Each year, we conduct a survey of our millionaire clients. Some findings align with common assumptions: their average household income stands at $330,132 this year, and the typical value of their homes exceeds $1 million. Yet other habits of these wealthy individuals defy stereotypes—they’re not the “traditional millionaire behaviors” most people imagine. In this article, I’ll break down key habits and traits of millionaires that anyone can adopt, no matter their current income or net worth.
Year after year, our survey reveals an overwhelming trend: nearly all our millionaire clients identify as optimists. This shouldn’t be entirely shocking, as research consistently links optimism to greater financial success.
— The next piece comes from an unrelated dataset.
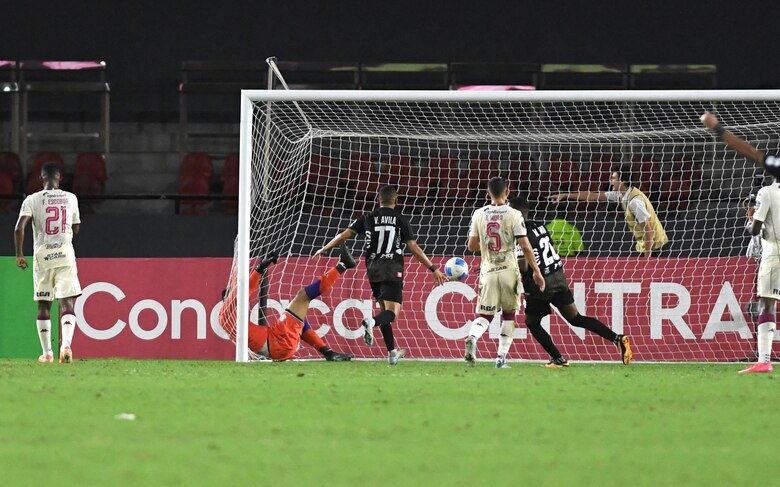 El gol de Ángel Caicedo que silenció al Saprissa en Panamá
But what if you lean more toward pessimism? You can’t rewrite your personality overnight to become an optimist, but you can gradually shift your mindset through practices like regular gratitude exercises.
Optimism doesn’t mean ignoring reality or viewing life through “rose-tinted glasses,” either. You can acknowledge problems in your personal life or the world at large while still working to create change. True optimistic thinking boils down to believing you have the power to improve your life—and your finances. The biggest issue with a pessimistic mindset isn’t that it reflects the “truth” about you or the world; it’s that it often fosters fatalism—the belief that your actions don’t make a difference.
Only 9% of U.S. children attend private school, yet a large majority of Americans believe private schools offer better education than public ones. It’s easy to see why: studies often show private school students score higher on the SAT than their public school peers. But one critical study painted a different picture: when researchers adjusted for a key variable—family income—there was no statistically significant difference in academic performance between private and public school students.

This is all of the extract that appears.